Learners should be familiar with plotting packages such as base R graphics, ggplot2, seaborn, and/or matplotlib, but this is not a “how to make graphics” course. Code for different plotting libraries will be provided and modified during the course.
This course is intended for practicing statisticians in industry, government, or academia who are responsible for communicating results of statistical analyses and data to nonstatisticians. Attendees should be able to read data in, clean it, and visualize it using the language of their choice.

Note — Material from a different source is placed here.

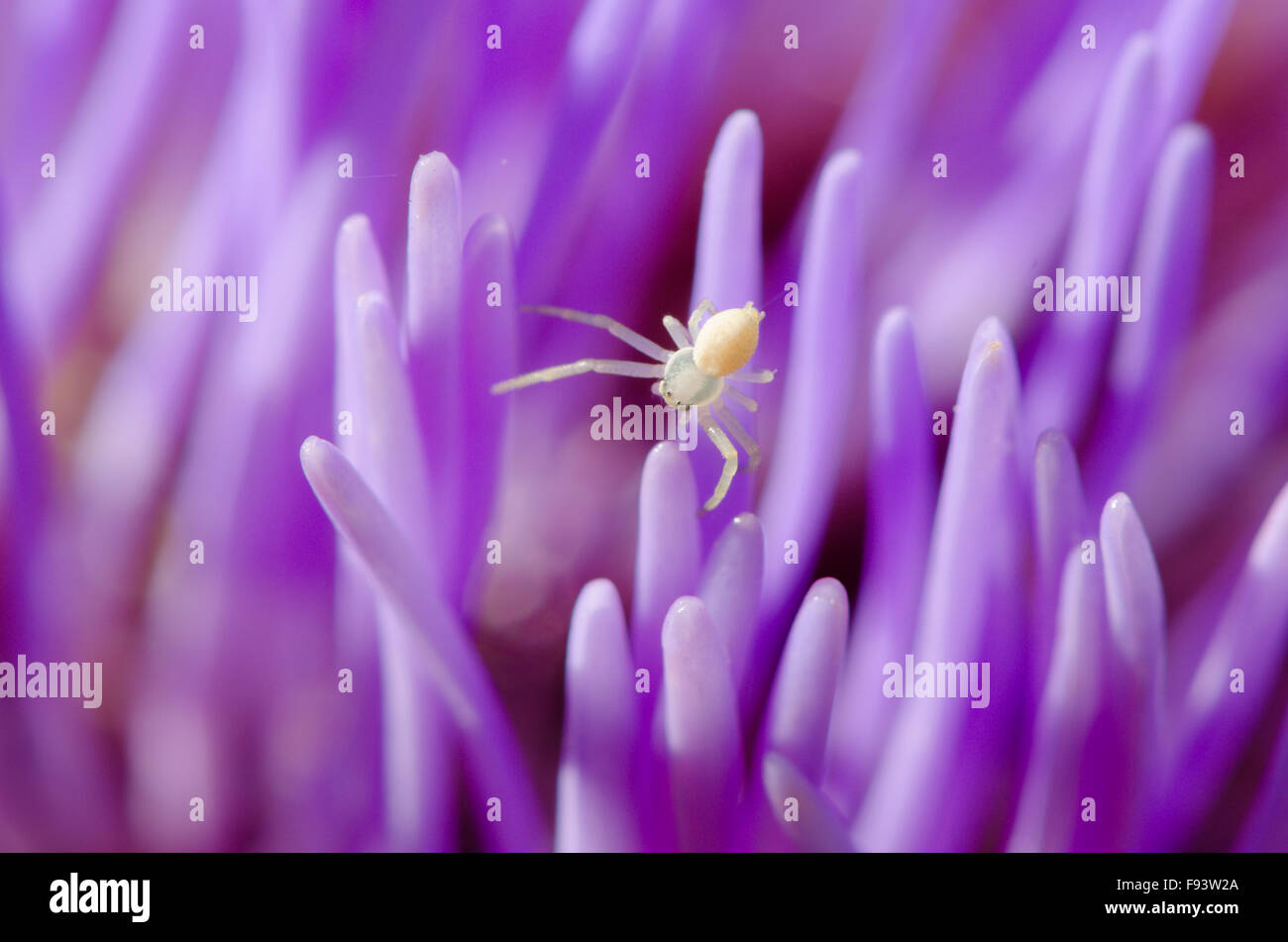 Artischocke [Cynara Scolymus]. Nahaufnahme der Blüten. Wahrscheinlich eine junge Krabbenspinne [Misumena Vatia]. VEREINIGTES KÖNIGREICH. August Stockfoto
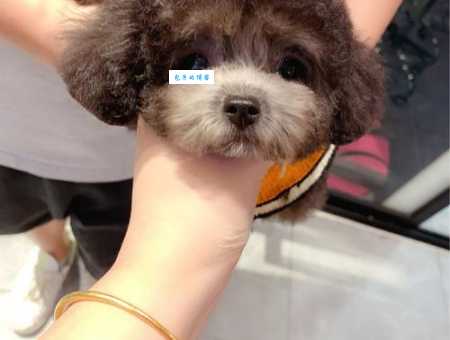 想养茶杯泰迪犬？这些优缺点你必须知道！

Examples will be provided using ggplot2 code in R and seaborn or matplotlib in Python. We can assist students with R and Python code and will attempt to help with others; however, we do not promise familiarity with all programming languages in common use for data science.
8:30 a.m. – 12:30 p.m.
SC3 – Generative AI Fundamentals and Implementation of LLMs from the Ground Up (Intermediate to Advanced)
Instructor(s): Ginger Holt, Databricks
An introduction to Generative AI (GAI), including terminology, applications, essential considerations for adopting GAI in an organization, and evaluating potential risks and challenges associated with using or adopting GAI.
The details of the large language models (LLMs) foundation will be taught. You will learn the innovations that led to the proliferation of transformer-based architectures, from encoder models (BERT) to decoder models (GPT) to encoder-decoder models (T5). You will also learn about the recent breakthroughs that led to applications like ChatGPT. You will gain an understanding of the latest advances that continue to improve LLM functionality, including Flash Attention, LoRA, AliBi, and PEFT methods.
Experience with Python will be assumed.
Note: This course will include many demos with an option to execute code on your own computer.
1:30 p.m. – 5:30 p.m.
SC4 – Julia for Data Science (Beginner to Intermediate)
Instructor(s): Josh Day, Julia Computing
Julia is a relatively new language for technical and scientific computing. Its design offers greater speed and productivity over the more established languages in the data science space: R and Python.
In this course—tailored to those with a familiarity of data science and programming in a high-level language such as R, Python, or MATLAB—you’ll learn Julia from the ground up, starting with the basics and ending with using the core packages in Julia’s data science ecosystem. Importantly, you’ll learn how Julia’s language features can change your thinking about how to approach solving problems. You’ll also learn how to ingest/clean tabular data, fit models, visualize data, and perform other analytics tasks using a variety of Julia packages.